Мишаня молчал. Носатый резко ударил парня в пах, затем по почкам.
Грибов взвыл.
— Рассказывай, придурок! А то на куски порежем, — процедил Зверев.
— Алексей Васильевич, я не нарочно! Я нечаянно!
— Откуда ампула?
— Я… Я с Батыром в музейный корпус ходил, сопровождал его. И… и взял какую-то ампулу.
— Украл, что ли? Ты соображаешь… — взревел полковник.
— Я нечаянно!
— Украл нечаянно?
— Я… У меня соседка — старая грымза, все живет и живет. А у нее комната — двадцать шесть метров. Куда ей? А мы с матерью в пятнадцатиметровой вдвоем. Я жениться хочу. А куда я бабу приведу? А эта сука старая все живет и живет… Мамашу терроризирует. А меня по две недели дома не бывает. Я и заступиться не могу. А мамаша говорит: чтоб она сдохла, соседка то есть. Мамаша плачет, баба моя все про детишек… Замуж, мол, хочу, детишек хочу… А какие детишки? Там и трахаться-то негде на пятнадцати метрах. В прошлый раз иосле вахты вернулся, мамаша с приступом сердечным — соседка ее б… назвала. Мать мою! Я не знаю, что на меня нашло… Только я подумал: подсыплю ей заразы, соседке то есть. Кому она нужна, старая грымза? А я жизнь свою устрою…

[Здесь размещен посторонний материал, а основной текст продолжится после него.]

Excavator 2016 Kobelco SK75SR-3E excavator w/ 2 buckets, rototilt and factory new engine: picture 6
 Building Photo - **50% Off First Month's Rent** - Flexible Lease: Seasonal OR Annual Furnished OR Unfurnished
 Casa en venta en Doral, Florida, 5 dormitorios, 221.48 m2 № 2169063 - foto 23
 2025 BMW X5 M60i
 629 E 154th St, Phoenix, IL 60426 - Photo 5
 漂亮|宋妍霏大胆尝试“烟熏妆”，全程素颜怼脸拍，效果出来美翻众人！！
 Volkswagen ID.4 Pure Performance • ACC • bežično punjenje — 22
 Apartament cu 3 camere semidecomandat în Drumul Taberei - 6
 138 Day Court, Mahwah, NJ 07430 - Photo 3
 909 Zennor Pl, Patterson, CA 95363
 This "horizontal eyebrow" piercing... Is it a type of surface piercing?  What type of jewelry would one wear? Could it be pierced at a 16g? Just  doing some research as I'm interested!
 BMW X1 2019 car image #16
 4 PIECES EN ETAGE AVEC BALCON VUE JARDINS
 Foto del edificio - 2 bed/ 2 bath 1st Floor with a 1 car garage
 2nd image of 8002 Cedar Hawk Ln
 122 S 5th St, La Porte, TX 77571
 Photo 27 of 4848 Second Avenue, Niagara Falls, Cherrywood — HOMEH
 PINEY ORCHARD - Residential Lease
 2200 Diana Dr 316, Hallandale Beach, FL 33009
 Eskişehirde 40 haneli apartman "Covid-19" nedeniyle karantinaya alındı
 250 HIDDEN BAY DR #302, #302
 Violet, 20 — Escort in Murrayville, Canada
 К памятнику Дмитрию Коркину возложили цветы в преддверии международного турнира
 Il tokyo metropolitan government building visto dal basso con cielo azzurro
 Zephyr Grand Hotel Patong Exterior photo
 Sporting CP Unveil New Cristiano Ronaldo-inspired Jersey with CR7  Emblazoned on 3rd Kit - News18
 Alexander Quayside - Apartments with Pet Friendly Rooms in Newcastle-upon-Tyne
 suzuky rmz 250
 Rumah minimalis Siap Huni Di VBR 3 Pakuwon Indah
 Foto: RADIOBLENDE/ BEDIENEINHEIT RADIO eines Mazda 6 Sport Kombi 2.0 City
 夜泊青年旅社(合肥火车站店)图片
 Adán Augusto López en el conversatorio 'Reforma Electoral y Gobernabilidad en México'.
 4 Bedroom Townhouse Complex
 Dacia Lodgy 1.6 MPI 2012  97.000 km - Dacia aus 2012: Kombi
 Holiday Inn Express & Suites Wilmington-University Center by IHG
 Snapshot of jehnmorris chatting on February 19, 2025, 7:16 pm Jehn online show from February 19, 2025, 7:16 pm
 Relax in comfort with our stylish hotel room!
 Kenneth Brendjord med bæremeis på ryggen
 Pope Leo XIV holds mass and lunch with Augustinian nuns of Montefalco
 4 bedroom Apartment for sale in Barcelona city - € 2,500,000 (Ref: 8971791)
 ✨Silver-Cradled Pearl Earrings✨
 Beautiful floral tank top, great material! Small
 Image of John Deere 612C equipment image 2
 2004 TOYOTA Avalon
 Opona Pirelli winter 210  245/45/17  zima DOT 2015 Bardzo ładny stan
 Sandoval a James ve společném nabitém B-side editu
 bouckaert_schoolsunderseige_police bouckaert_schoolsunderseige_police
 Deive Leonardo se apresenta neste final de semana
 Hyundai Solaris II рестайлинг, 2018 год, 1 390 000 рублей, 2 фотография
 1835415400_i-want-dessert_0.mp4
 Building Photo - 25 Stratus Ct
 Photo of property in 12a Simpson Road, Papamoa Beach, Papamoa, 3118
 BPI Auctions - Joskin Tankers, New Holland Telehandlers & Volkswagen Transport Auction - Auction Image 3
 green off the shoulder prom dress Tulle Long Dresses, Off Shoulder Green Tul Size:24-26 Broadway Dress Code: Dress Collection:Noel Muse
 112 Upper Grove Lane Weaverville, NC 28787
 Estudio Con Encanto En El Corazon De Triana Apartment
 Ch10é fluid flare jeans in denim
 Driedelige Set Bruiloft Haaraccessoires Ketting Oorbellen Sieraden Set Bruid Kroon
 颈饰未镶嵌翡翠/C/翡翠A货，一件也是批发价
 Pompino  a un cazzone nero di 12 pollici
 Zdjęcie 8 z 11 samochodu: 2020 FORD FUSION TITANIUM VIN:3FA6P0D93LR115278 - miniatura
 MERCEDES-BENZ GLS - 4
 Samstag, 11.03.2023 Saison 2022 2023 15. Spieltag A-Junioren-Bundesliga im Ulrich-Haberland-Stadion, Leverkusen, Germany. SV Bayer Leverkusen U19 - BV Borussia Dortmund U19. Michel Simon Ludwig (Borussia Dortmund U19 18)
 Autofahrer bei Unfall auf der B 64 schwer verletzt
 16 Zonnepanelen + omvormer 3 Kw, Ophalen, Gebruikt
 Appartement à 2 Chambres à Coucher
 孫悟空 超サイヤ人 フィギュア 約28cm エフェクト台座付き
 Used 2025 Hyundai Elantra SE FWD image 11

— Ты, считай, смерть свою устроил, — процедил Зверев.
— Не убивайте, Алексей Васильевич! Христом Богом прошу!
— Не вой! Как ампула в детский сад попала?
— Так баба моя там и работает. Повариха. А я две недели на вахте. Две недели без бабы, Алексей Васильевич! Вот и дернул сразу к ней. Ампула в кармане куртки была. И вывалилась, видно.
— Ты что несешь, е… хренов? — заорал Зверев. — Что ты несешь? Ты понимаешь, что ты натворил? Если бы ампулу нашли, ты понимаешь? Где она вообще, баба твоя? Ты знаешь, что она пропала?
— Я не знаю. Я испугался.
— Я тебя, козла, кастрирую сейчас собственноручно! Чтобы ты по бабам больше не шлялся!
— Не на-адо! Лучше убейте! — взвыл Мишаня.